By 1852, the Industrial Revolution was bringing Britain to levels of prosperity never before imagined. Conversely, British policy in Ireland saw only a rise in poverty. The Great Famine had killed approximately a million people, with another million having emigrated to England or to the United States. It was in this climate that the next British general election occurred. Much of the election revolved around the Corn Laws, which had protected British and Irish corn producers from rival imports from 1815 until its repeal in 1846. The repeal caused controversy within the House of Commons as the Conservative Prime Minister, Robert Peel (along with a small fraction of his MPs) voted with the Opposition to support it. The remainder of the Conservative Party had opposed repeal.
Peel's faction of the party became known as the "Peelites". Another faction of MPs supporting the further removal of protectionist laws also began to side with the Whigs, becoming collectively known as the "Free Traders". In the election, the Whigs won the popular vote, but the Conservatives took more seats. The new Conservative leader, the Earl of Derby, became Prime Minister of a minority government which lasted until the end of the year, then replaced without an election by a Whig-Peelite coalition, with Lord Aberdeen of the Whigs taking office in Downing Street.

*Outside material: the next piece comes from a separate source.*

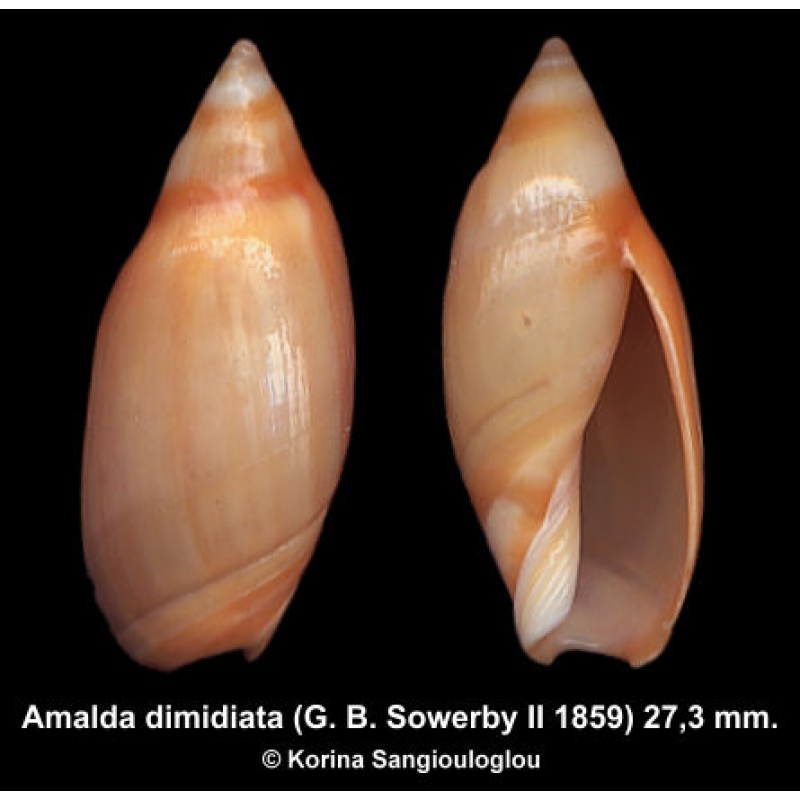 Amalda dimidiata Gorgeous Large!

In Ireland, voting patterns remained similar to previous elections. Ulster remained the domain of the Conservatives, with support remaining in east Leinster as well. The Peelites only took two Irish seats: one each from Counties Cavan and Kerry. With the Repeal Association now defunct, the Whigs made advances in the rest of Ireland, but the majority of Whig MPs elected in Ireland instead sat as the Independent Irish Party, or the "Irish Brigade". They sought the repeal of the Ecclesiastical Titles Act which inhibited the powers of Catholic bishops in the UK, as well as campaigning for fair rent for Irish tenants. This party was formed by 48 elected MPs.